▸ **TASK DESCRIPTION**
Starting with the line that has "Along markings wagtail" in the records below and stopping after the line that has "Uruguayan flag waving", output every line exactly and nothing else; skip pictures.
━━ EXERCISE MATERIALS ━━
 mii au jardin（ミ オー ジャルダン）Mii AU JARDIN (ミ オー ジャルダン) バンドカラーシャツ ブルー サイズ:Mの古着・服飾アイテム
━━━
━━ EXERCISE MATERIALS ━━
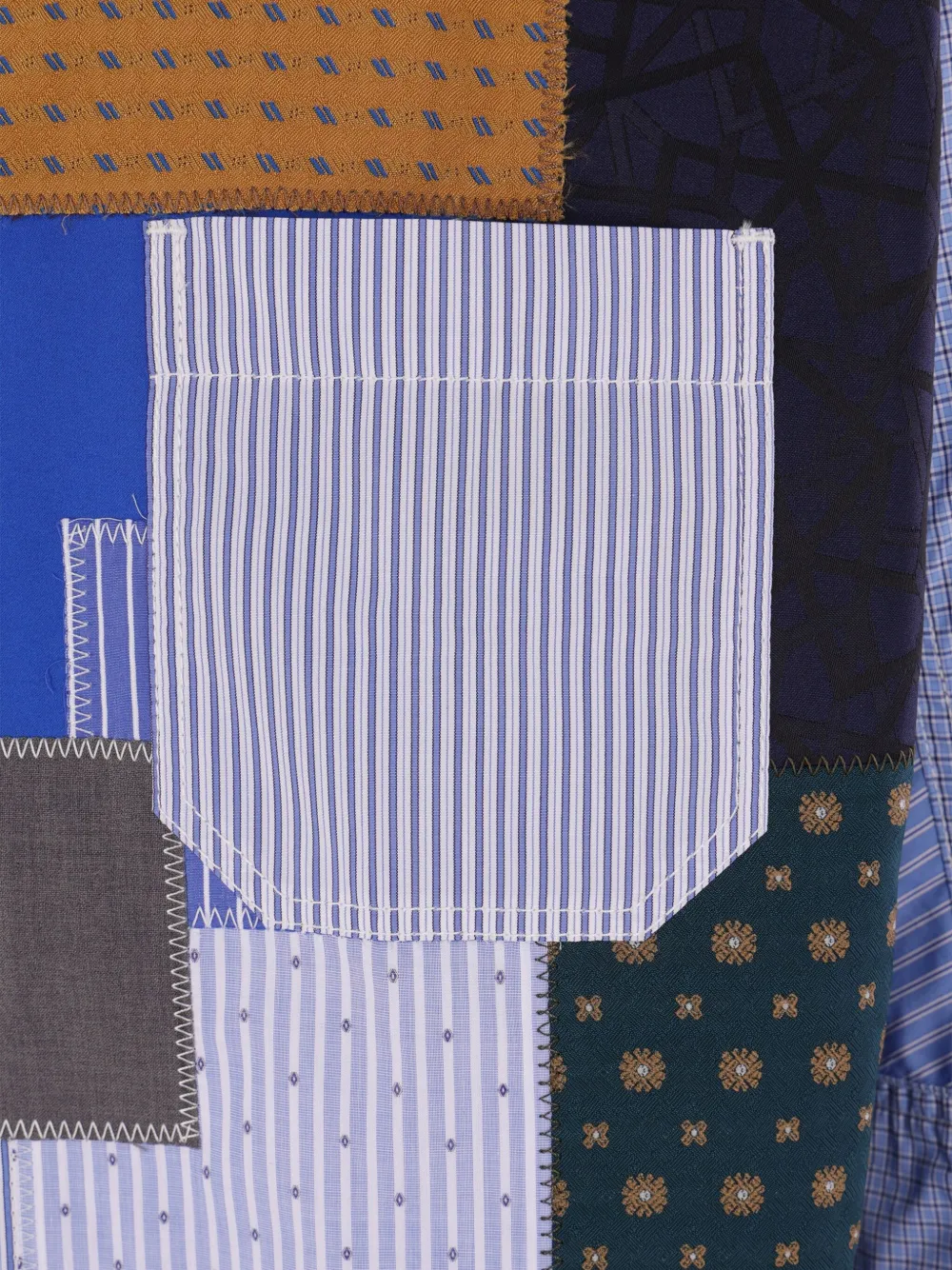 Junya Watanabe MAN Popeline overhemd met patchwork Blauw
━━━
━━ EXERCISE MATERIALS ━━
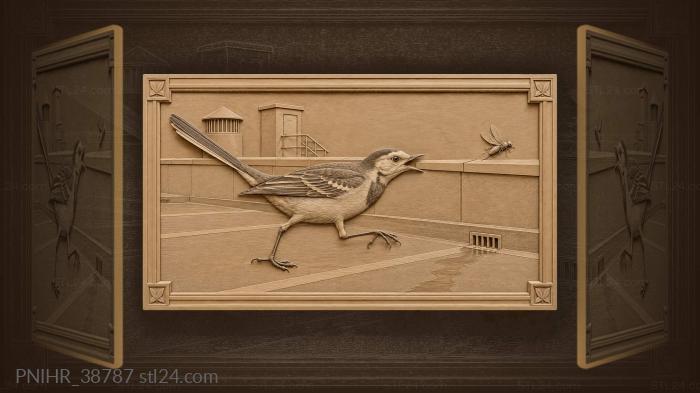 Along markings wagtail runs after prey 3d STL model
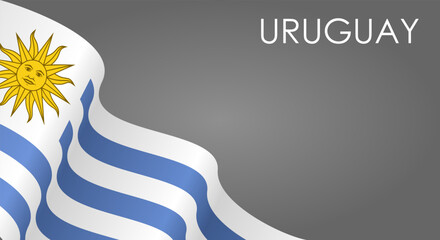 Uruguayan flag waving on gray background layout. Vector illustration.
━━━
▸ **SOLUTION BELOW**
 Along markings wagtail runs after prey 3d STL model
 Uruguayan flag waving on gray background layout. Vector illustration.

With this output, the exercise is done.